WHAT THE TASK ASKS:
Repeat the records below in their entirety, exactly.

Records from a data collection:

____________________

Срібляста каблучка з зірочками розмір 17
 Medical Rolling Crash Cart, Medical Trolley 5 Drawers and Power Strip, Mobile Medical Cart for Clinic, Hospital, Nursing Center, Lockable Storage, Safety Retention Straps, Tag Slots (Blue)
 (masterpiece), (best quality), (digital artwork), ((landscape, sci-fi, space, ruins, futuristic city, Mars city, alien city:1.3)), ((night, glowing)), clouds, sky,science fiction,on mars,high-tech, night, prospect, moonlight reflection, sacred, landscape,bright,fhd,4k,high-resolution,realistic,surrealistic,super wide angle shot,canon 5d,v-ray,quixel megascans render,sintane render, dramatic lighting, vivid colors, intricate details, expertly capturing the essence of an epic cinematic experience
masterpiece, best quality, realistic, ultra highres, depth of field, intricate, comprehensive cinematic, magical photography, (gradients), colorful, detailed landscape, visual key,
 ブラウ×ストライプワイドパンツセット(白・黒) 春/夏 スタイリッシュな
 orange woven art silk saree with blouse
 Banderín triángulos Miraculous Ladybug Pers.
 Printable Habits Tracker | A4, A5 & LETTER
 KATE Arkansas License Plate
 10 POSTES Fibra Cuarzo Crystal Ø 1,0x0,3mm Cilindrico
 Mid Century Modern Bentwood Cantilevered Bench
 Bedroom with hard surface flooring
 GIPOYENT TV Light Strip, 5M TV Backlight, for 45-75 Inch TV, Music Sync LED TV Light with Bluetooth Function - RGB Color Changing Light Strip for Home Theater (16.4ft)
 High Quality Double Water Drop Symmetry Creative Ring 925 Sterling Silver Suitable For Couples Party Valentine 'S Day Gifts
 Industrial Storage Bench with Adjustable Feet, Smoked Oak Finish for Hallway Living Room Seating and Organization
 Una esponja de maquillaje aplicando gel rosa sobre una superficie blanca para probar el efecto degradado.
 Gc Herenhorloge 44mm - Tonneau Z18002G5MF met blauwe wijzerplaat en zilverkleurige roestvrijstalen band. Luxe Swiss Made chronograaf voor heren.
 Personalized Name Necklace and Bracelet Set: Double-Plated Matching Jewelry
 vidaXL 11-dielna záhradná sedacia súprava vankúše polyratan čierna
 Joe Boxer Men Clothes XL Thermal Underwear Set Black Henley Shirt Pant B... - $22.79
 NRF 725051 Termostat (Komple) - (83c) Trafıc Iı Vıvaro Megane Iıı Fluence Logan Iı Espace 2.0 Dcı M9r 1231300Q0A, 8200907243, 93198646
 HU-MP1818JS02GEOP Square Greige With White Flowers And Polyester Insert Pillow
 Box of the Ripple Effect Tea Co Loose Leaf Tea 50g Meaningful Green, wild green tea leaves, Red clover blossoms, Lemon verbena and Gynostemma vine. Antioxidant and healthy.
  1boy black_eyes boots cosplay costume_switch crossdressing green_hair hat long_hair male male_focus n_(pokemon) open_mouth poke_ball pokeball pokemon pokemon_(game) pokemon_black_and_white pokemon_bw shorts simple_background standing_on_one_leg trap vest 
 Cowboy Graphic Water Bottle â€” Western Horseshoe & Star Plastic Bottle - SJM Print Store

____________________

RESULT OF THE TASK:
Срібляста каблучка з зірочками розмір 17
 Medical Rolling Crash Cart, Medical Trolley 5 Drawers and Power Strip, Mobile Medical Cart for Clinic, Hospital, Nursing Center, Lockable Storage, Safety Retention Straps, Tag Slots (Blue)
 (masterpiece), (best quality), (digital artwork), ((landscape, sci-fi, space, ruins, futuristic city, Mars city, alien city:1.3)), ((night, glowing)), clouds, sky,science fiction,on mars,high-tech, night, prospect, moonlight reflection, sacred, landscape,bright,fhd,4k,high-resolution,realistic,surrealistic,super wide angle shot,canon 5d,v-ray,quixel megascans render,sintane render, dramatic lighting, vivid colors, intricate details, expertly capturing the essence of an epic cinematic experience
masterpiece, best quality, realistic, ultra highres, depth of field, intricate, comprehensive cinematic, magical photography, (gradients), colorful, detailed landscape, visual key,
 ブラウ×ストライプワイドパンツセット(白・黒) 春/夏 スタイリッシュな
 orange woven art silk saree with blouse
 Banderín triángulos Miraculous Ladybug Pers.
 Printable Habits Tracker | A4, A5 & LETTER
 KATE Arkansas License Plate
 10 POSTES Fibra Cuarzo Crystal Ø 1,0x0,3mm Cilindrico
 Mid Century Modern Bentwood Cantilevered Bench
 Bedroom with hard surface flooring
 GIPOYENT TV Light Strip, 5M TV Backlight, for 45-75 Inch TV, Music Sync LED TV Light with Bluetooth Function - RGB Color Changing Light Strip for Home Theater (16.4ft)
 High Quality Double Water Drop Symmetry Creative Ring 925 Sterling Silver Suitable For Couples Party Valentine 'S Day Gifts
 Industrial Storage Bench with Adjustable Feet, Smoked Oak Finish for Hallway Living Room Seating and Organization
 Una esponja de maquillaje aplicando gel rosa sobre una superficie blanca para probar el efecto degradado.
 Gc Herenhorloge 44mm - Tonneau Z18002G5MF met blauwe wijzerplaat en zilverkleurige roestvrijstalen band. Luxe Swiss Made chronograaf voor heren.
 Personalized Name Necklace and Bracelet Set: Double-Plated Matching Jewelry
 vidaXL 11-dielna záhradná sedacia súprava vankúše polyratan čierna
 Joe Boxer Men Clothes XL Thermal Underwear Set Black Henley Shirt Pant B... - $22.79
 NRF 725051 Termostat (Komple) - (83c) Trafıc Iı Vıvaro Megane Iıı Fluence Logan Iı Espace 2.0 Dcı M9r 1231300Q0A, 8200907243, 93198646
 HU-MP1818JS02GEOP Square Greige With White Flowers And Polyester Insert Pillow
 Box of the Ripple Effect Tea Co Loose Leaf Tea 50g Meaningful Green, wild green tea leaves, Red clover blossoms, Lemon verbena and Gynostemma vine. Antioxidant and healthy.
  1boy black_eyes boots cosplay costume_switch crossdressing green_hair hat long_hair male male_focus n_(pokemon) open_mouth poke_ball pokeball pokemon pokemon_(game) pokemon_black_and_white pokemon_bw shorts simple_background standing_on_one_leg trap vest 
 Cowboy Graphic Water Bottle â€” Western Horseshoe & Star Plastic Bottle - SJM Print Store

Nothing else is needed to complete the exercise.